The aim of the present study was to evaluate symptomatic reflux esophagitis (RE) in proton pump inhibitor (PPI) users. The present study conducted a hospital‑based, retrospective cross‑sectional study of consecutive RE cases in PPI users at Juntendo University Hospital recruited between 2008 and 2016. Eligible patients were PPI users with a complete patient profile, who completed the Frequency Scale for the Symptoms of Gastroesophageal Reflux Disease (FSSG) questionnaire, and who underwent upper gastrointestinal endoscopy for the examination of RE, hiatal hernia (HH) and endoscopic gastric mucosal atrophy (EGA). The patients with RE who were administered PPIs were divided into two groups: Those with symptomatic RE (FSSG≥8) and those with non‑symptomatic RE (FSSG<8). The present study investigated the risk factors for symptomatic RE among the patients with RE patients who were administered PPIs. Of the 13,052 cases who underwent patient profiling, the FSSG questionnaire and upper gastrointestinal endoscopy, a total of 2,444 PPI users were eligible. Of the PPI users, 206 cases (8.4%) had RE. Among the 206 patients with RE, 115 (55.8%) had symptomatic RE. The profile of the symptomatic and non‑symptomatic RE groups were as follows: A total of 45 females (39.1%) vs. 32 females (35.2%; non‑significant); mean ± standard deviation age, 54.8±13.5 vs. 62.9±11.1 years (P<0.01); mean body mass index, 23.5±3.3 vs. 23.2±3.8 (non‑significant); severe RE, 12 (10.4%) vs. 2 (2.2%; P<0.05); HH, 70 (60.9%) vs. 40 (44.0%; P<0.05); and mean score of EGA, 1.2±1.8 vs. 1.8±2.1 (P<0.05). Multivariate analysis revealed that a younger age [odds ratio (OR)=0.94; 95% confidence interval (CI): 0.92‑0.97, P<0.01] and HH(+) (OR=2.37; 95% CI: 1.30‑4.34, P<0.01) were associated with symptomatic RE among patients with RE who were administered PPIs. In conclusion, a younger age and HH were associated with symptomatic RE in patients with RE who were administered PPIs.

Introduction

In the background of the westernization of eating habits and decrease in the infection rate for Helicobacter pylori (H. pylori) (1), gastric acid secretion in the Japanese population has increased in previous years (2) and the number of patients diagnosed with gastro-esophageal reflux disease (GERD) in Japan has increased annually (3).

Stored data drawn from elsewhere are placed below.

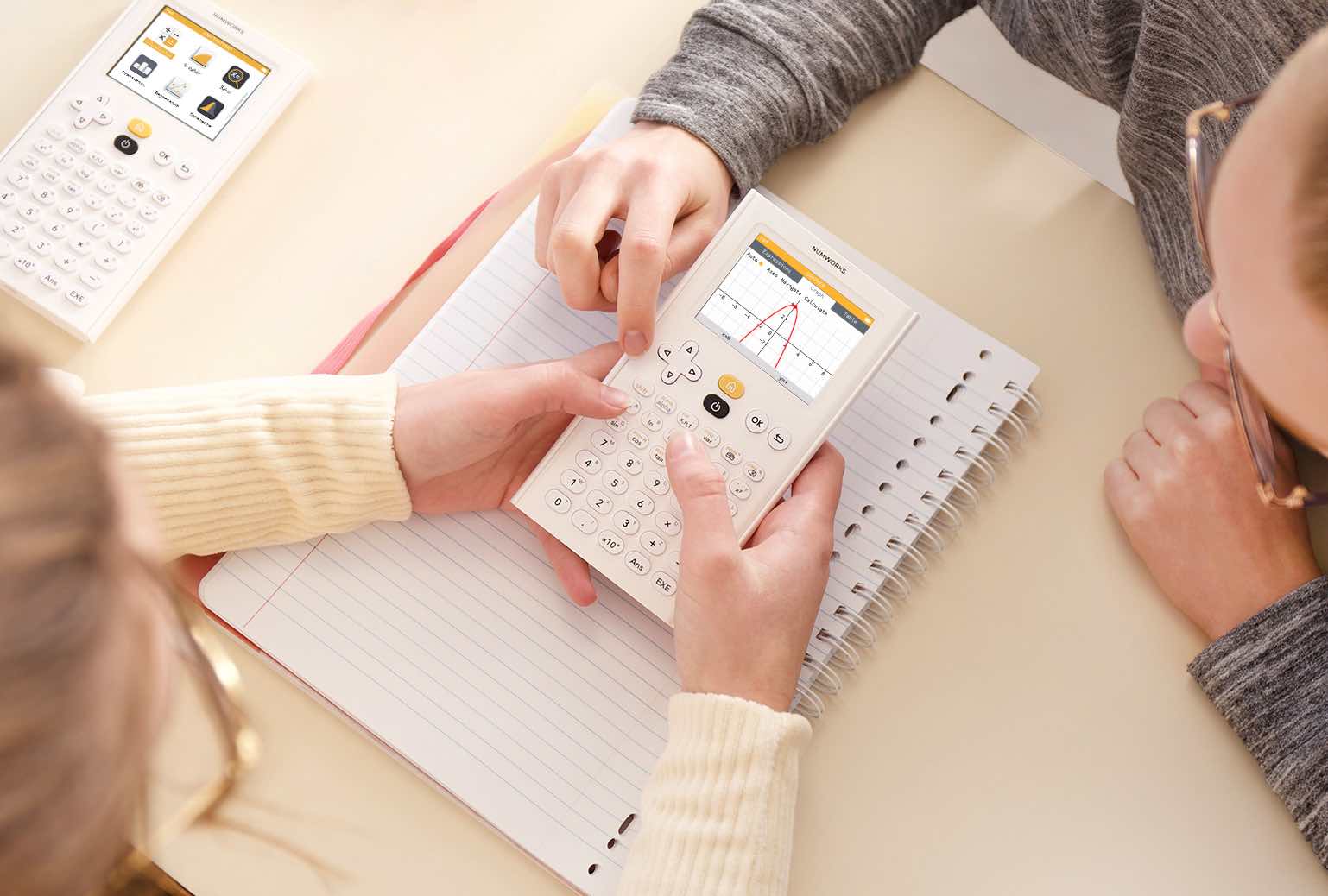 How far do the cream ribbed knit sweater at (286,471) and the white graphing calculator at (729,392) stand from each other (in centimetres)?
8

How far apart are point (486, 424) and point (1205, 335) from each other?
39 cm

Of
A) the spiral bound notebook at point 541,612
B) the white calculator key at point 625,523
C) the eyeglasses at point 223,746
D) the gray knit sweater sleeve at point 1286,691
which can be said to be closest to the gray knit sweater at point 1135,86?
the gray knit sweater sleeve at point 1286,691

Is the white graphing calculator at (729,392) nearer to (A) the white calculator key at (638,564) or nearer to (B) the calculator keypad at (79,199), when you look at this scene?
(A) the white calculator key at (638,564)

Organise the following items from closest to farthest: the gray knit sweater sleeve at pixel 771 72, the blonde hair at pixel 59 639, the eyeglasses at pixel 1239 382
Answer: the blonde hair at pixel 59 639
the eyeglasses at pixel 1239 382
the gray knit sweater sleeve at pixel 771 72

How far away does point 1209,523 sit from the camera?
1.91ft

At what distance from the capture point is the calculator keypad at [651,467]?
57 centimetres

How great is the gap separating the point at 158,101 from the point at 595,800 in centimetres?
52

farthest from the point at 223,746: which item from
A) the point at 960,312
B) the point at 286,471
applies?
the point at 960,312

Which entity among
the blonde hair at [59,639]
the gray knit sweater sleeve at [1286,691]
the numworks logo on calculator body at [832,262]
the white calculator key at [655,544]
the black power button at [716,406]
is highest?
the numworks logo on calculator body at [832,262]

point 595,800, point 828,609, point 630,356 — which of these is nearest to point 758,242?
point 630,356

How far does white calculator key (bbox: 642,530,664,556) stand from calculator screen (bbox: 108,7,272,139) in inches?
15.5

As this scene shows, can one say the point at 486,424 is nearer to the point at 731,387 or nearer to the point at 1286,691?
the point at 731,387

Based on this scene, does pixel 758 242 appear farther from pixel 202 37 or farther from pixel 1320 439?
pixel 202 37

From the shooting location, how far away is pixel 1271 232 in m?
0.38
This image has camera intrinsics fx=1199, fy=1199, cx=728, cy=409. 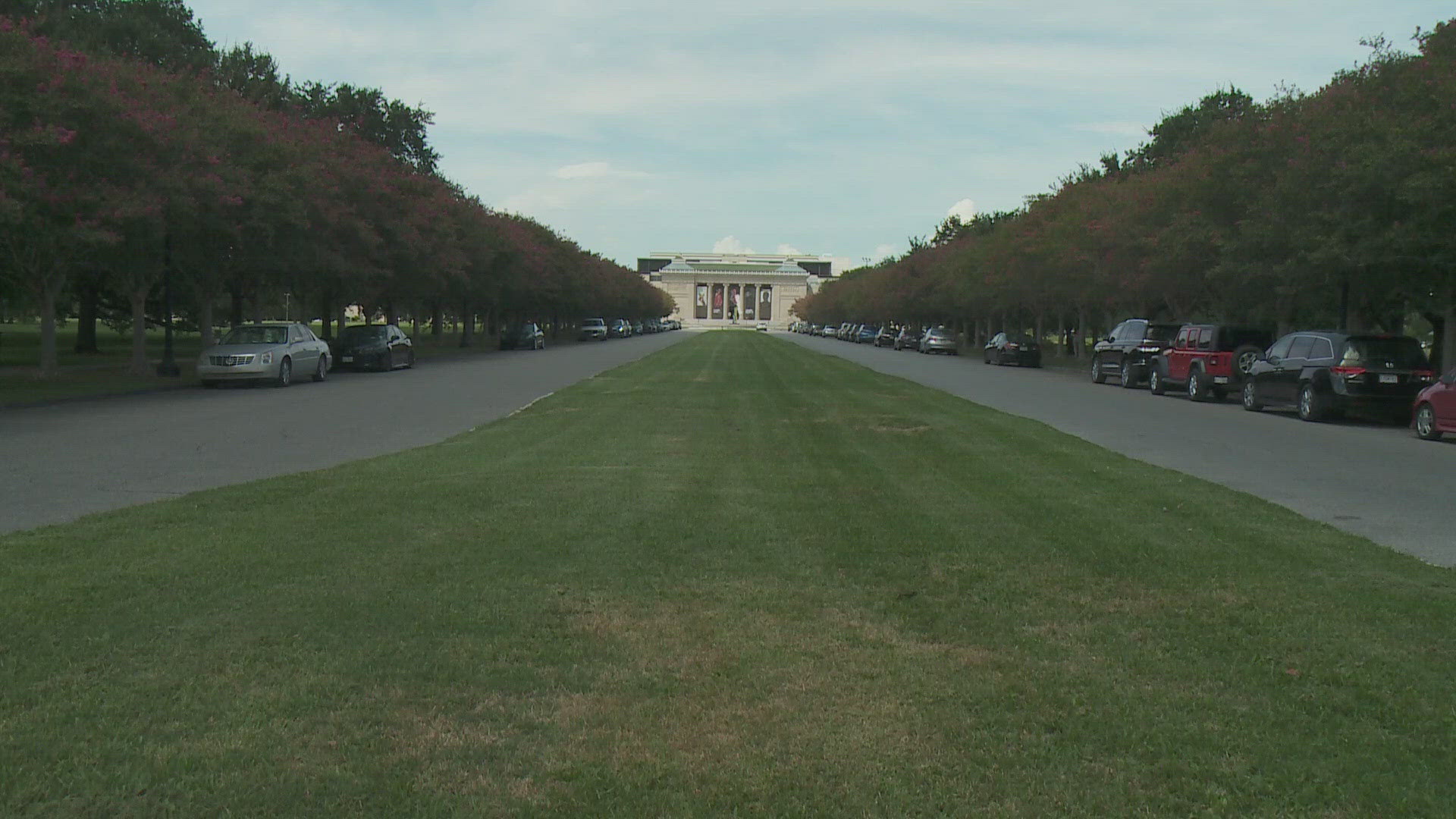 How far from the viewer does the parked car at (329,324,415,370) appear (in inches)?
1490

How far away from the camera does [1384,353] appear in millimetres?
22578

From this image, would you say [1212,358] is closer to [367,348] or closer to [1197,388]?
[1197,388]

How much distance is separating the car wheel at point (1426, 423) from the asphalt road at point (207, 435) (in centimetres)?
1504

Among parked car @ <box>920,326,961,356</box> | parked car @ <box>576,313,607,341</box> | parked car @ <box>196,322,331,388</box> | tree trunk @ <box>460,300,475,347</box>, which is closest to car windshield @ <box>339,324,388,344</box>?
parked car @ <box>196,322,331,388</box>

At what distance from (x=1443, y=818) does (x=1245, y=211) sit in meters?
30.3

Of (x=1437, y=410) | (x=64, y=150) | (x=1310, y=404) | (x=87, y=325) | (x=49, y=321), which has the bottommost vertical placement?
(x=1310, y=404)

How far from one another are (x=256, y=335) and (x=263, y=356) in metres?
1.64

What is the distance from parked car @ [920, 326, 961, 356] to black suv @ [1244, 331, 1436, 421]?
4373 cm

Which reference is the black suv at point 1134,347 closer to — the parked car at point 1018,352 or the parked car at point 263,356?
the parked car at point 1018,352

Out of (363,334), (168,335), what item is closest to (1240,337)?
(363,334)

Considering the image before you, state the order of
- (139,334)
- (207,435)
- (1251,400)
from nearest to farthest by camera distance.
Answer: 1. (207,435)
2. (1251,400)
3. (139,334)

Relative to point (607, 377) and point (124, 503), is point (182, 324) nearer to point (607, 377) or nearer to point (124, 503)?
point (607, 377)

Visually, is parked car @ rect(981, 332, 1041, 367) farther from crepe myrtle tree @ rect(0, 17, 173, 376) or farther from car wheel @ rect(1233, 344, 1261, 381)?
crepe myrtle tree @ rect(0, 17, 173, 376)

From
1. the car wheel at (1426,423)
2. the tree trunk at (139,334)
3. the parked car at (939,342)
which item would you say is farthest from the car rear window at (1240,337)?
the parked car at (939,342) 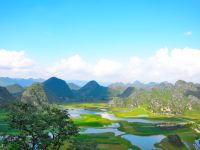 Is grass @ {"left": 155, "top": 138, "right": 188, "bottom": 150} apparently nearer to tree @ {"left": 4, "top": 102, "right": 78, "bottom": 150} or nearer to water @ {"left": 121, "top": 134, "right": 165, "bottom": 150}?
water @ {"left": 121, "top": 134, "right": 165, "bottom": 150}

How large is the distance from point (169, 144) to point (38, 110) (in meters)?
74.1

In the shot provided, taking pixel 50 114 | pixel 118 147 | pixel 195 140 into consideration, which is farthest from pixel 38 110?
pixel 195 140

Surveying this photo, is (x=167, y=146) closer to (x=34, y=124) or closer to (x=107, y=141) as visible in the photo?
(x=107, y=141)

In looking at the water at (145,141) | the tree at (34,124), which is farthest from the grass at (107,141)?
the tree at (34,124)

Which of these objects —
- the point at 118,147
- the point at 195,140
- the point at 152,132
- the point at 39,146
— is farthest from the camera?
the point at 152,132

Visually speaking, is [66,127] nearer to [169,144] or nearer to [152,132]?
[169,144]

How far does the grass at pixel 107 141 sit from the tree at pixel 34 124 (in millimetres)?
56584

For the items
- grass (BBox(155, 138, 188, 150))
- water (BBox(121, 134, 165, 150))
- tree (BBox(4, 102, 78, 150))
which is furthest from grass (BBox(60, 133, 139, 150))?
tree (BBox(4, 102, 78, 150))

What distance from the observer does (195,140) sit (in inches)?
4301

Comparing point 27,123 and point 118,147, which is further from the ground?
point 27,123

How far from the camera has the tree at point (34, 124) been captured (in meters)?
31.6

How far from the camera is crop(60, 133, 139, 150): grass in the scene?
3613 inches

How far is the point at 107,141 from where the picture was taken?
101 meters

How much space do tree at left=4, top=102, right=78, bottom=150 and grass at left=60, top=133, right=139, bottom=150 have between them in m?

Proton pump inhibitors (PPIs), which profoundly suppress acid secretion, are used to treat gastric acid-associated diseases globally (4). Numerous previous studies have demonstrated that PPI therapy is superior to histamine-2 receptor antagonist therapy in the inhibition of gastric acid secretion (5,6); therefore, in Japanese GERD treatment guidelines, a PPI is considered to be the first-line drug to use for GERD therapy (7). However, it has been reported that there are patients with reflux esophagitis (RE) who are resistant to PPI treatment (8). Few reports have investigated patients who have symptomatic RE despite PPI use. Japanese GERD guidelines also report that self-administered questionnaires including the Frequency Scale for the Symptoms of Gastroesophageal Reflux Disease (FSSG) questionnaire are useful for the diagnosis and evaluation of the therapeutic efficacy of PPIs in patients with GERD (9).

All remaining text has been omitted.